How can we protect this login role password inside the application code?

Answer 1

You cannot.

If the user has a direct access to the application (they can directly launch it) everything that is hardcoded in the application should be seen as accessible to the user. Whatever obfuscation you can use, a determinated attacker will be able to find it (through decompilers an debuggers).

If a break point exist, all is different:

front end application               back end application
 launched by user         --/-->   launched with a sytem user
  local machine                     local or remote machine

This is typically the use case for web applications: the user has no access to the application code, and does not launch it, so the database password can lie in a configuration file - it will always be accessible to administrators. Even when all runs on the same machine, decent OS allows for access protection to prevent unprivileged users any access to the backend program. For that latter case, the front end and backend can communicate through sockets, named pipes, messages or almost any other IPC mechanism.

TL/DR: only secure way:

• split the application into a front end running under user account with no knowledge of the database server, and a back end running under a system (non admin) user
• ensure that normal users have no access to the backend application files
• store the database password in a configuration file of the backend (never in a source file)

Answer 2

The main three authentication mechanisms you could use, roughly in order of popularity, are:

1. Password. Here you somehow load a password in your application, and use it whenever you connect to the database. One easy way to store the password is in a text file protected by filesystem permissions (similar to how you protect SSH private keys).
2. LDAP. This requires an LDAP server on your network, but that is commonplace in corporate environments. It also requires loading a password in your application. The difference from the regular password mechanism is that the database server doesn't store the credentials or verify the password directly--it delegates these to the LDAP server.
3. Kerberos. This requires a Kerberos server on your network. Here, the application does not need to load a password; instead the user (or service account) which will run the application must first authenticate using Kerberos (either by typing in a password to kinit, or loading a credential file).

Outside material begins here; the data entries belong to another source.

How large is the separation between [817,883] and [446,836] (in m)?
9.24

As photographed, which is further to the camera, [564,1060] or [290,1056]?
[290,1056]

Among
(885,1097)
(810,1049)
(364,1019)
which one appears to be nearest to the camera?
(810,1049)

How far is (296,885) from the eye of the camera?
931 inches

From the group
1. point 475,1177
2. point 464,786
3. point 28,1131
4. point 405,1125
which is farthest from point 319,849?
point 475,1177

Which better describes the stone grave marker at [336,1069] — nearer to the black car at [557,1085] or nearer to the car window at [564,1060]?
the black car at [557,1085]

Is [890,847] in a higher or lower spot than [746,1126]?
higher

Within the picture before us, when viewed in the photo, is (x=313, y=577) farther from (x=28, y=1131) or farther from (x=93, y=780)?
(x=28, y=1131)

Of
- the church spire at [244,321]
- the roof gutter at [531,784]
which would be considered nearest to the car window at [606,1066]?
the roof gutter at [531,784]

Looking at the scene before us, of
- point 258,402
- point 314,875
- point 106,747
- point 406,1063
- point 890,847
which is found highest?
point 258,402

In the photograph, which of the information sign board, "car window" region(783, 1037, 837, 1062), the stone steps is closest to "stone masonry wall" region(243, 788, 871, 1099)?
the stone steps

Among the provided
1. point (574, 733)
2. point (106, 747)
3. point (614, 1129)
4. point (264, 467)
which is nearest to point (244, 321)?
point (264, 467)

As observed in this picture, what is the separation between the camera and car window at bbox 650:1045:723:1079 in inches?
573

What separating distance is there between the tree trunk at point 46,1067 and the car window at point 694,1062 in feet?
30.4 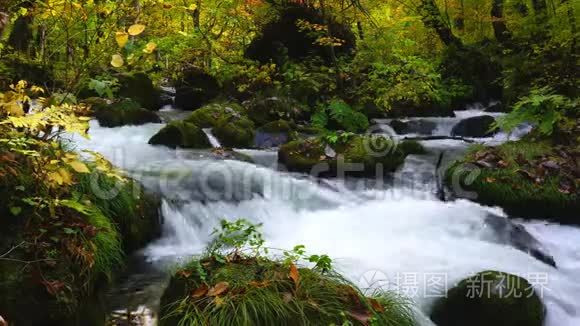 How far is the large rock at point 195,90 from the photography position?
12211mm

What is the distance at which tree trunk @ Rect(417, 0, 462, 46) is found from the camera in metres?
14.4

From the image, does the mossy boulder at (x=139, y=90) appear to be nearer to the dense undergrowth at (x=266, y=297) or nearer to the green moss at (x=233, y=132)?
the green moss at (x=233, y=132)

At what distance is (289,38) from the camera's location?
42.1ft

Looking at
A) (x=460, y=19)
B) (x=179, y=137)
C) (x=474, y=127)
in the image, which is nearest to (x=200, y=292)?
(x=179, y=137)

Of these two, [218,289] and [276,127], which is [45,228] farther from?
[276,127]

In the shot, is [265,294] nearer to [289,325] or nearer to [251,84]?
[289,325]

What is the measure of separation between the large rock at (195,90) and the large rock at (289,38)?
1402mm

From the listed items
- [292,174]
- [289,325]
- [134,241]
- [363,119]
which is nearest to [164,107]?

Of these, my personal preference would be Kerberos if that service is supported on the network in question. Second best would be LDAP, because it allows centralized control over things like password changes and revocation. And third would be the regular password mechanism, which works in any environment.

Details on all of the available mechanisms are here: https://www.postgresql.org/docs/10/static/auth-methods.html

Answer 3

Consider using a yaml file to store your credentials or alternatively place them in a .pgpass file.